The links between speed, aggression, impersonality and stress are quite obvious when we look around at our amped-up culture. Physician/author Larry Dossey calls it time-sickness. There's never enough time, as people rush from one thing to the next, often quite proud of their awful busyness. Even little children suffer from overscheduled days which bring a sense of pressure and confinement.

There's a move on in various countries to counter the speed-driven lifestyle. Slow Food which began in Italy was its start. Now the value of slowness has begun to influence urban design, medicine, parenting and family life. In America, where people work so much more than most other industrialized countries, everyone wants to work less and enjoy life more. More leisure and less pressure. More openness and aliveness.

I don't need to be converted to the beauty of life in the slower lanes and alleys. As an artist and meditator, I have always made sure that I've had free time. I've used it to relax in stillness, to daydream and explore the inner life of imagination and spirit.
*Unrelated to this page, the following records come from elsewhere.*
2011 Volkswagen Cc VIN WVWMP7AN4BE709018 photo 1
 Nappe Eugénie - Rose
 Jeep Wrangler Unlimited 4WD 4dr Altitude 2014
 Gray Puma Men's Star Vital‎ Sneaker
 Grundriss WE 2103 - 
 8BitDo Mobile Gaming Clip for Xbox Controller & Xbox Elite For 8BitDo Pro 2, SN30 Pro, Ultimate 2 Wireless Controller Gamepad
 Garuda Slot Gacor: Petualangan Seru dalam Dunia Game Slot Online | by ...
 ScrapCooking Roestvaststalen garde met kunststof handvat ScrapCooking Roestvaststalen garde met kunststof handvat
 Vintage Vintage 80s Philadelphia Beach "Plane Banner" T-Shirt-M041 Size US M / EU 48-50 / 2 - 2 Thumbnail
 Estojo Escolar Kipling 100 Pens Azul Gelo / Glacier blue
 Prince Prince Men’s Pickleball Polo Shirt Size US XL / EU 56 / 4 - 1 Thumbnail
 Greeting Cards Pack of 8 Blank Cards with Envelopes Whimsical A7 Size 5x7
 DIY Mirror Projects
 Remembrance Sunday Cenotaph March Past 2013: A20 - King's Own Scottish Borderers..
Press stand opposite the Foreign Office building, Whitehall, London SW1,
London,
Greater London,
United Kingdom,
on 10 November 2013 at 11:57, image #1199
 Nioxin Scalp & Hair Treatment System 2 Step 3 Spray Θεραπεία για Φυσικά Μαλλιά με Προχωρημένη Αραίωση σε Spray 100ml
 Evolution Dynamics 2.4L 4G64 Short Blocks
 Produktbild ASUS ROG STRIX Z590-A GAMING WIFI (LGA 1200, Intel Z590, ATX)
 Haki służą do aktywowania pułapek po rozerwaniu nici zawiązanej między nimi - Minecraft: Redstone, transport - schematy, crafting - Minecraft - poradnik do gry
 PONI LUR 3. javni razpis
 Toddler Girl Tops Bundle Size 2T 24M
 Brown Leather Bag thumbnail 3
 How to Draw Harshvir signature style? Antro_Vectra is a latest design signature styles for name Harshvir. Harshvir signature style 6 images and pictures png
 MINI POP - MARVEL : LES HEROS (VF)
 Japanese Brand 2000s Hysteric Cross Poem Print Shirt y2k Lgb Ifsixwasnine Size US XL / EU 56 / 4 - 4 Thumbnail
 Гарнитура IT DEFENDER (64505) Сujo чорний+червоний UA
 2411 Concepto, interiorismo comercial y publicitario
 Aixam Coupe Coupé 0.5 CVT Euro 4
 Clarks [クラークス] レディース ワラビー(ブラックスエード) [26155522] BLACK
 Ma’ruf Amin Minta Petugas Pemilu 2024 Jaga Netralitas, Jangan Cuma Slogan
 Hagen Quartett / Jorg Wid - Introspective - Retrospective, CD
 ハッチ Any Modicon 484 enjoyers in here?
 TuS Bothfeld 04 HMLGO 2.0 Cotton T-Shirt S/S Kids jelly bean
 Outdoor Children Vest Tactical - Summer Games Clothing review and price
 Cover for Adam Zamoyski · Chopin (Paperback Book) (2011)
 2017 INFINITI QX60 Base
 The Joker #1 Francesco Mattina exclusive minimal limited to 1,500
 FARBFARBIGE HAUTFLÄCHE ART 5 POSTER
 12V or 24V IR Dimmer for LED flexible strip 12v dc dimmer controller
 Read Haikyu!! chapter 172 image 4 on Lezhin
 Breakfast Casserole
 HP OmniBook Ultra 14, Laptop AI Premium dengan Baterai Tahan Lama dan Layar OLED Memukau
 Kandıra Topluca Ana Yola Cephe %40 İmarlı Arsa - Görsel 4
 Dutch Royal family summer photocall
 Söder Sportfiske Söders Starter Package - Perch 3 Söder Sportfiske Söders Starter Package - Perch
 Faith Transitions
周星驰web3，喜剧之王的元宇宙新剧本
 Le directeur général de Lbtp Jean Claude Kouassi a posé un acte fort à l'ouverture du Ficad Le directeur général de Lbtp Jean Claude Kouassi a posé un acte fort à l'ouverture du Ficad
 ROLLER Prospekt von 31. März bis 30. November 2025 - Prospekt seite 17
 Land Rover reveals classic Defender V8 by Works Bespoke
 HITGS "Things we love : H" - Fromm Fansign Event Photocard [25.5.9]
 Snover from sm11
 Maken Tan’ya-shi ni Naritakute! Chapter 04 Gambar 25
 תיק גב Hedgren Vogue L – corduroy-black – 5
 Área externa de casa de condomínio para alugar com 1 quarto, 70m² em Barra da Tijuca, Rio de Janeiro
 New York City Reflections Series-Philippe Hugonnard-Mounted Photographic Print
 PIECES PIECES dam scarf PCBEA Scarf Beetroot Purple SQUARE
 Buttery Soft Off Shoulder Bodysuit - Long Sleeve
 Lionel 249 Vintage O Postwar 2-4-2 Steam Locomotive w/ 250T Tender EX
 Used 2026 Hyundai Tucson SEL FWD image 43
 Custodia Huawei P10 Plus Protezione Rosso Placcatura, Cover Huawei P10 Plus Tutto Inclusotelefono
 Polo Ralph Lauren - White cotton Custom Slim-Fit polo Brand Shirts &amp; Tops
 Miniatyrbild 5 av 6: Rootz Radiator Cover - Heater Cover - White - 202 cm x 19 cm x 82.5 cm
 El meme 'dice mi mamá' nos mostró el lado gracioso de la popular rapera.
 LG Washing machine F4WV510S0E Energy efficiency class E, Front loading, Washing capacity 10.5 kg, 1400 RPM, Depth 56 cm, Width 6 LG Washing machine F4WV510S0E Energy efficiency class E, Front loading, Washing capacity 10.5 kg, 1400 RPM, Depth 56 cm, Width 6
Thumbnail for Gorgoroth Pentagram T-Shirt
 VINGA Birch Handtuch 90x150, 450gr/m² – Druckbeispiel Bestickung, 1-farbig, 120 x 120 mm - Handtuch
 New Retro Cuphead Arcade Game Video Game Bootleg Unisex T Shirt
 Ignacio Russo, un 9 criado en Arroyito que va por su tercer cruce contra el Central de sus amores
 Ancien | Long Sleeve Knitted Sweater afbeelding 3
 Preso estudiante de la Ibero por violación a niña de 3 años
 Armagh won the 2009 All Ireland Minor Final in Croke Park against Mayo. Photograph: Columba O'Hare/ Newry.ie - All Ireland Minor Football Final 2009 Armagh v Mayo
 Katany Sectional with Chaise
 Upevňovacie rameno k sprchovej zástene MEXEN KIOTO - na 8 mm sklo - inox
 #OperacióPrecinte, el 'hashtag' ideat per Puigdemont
I have grown to appreciate slowness more and more and I age. It's natural to slow down in the later years.

I recently read two books on slowness because I wondered what others had to say about it. Slow is Beautiful is by Cecile Andrews who is a founder of the Phinney Ecovillage, a project to build sustainability and community in her North Seattle neighborhood. Andrews describes how slowing down helps grow community and a culture of connection. She also discusses how developing a slower, simpler lifestyle naturally decreases stress and increases joie de vivre. Conviviality, neighborly connection and slowness provide opportunities to serve others and bring an increased enjoyment of the present moment.

Canadian journalist Carl Honore's book In Praise of Slowness takes a broad look at many areas in society where speed corrodes everyday life. He talks about various countries and how they are approaching efforts to slow down. He investigates the value of leisure, rejuvenation and adventure, working less, raising an unhurried child,taking naps, vacations and enjoying meals in a leisurely fashion. Both books are well worth reading, even if you are already an advocate of slowness.

Last Friday, I took a fall while trying to collapse a cardboard box with my foot. It slipped out from under me, and now I have 4 fractured metatarsal bones in my left foot. So I am especially slowed down for the next few weeks. But it's not so bad at all. I have been enjoying switching off between crawling around like a little kid and using crutches and a wheelchair. Different forms of locomotion than I usually use.

I think it's a pretty funny coincidence that I read those two books and now am being given the opportunity to slow down to a very slow pace indeed. It's quite a gift.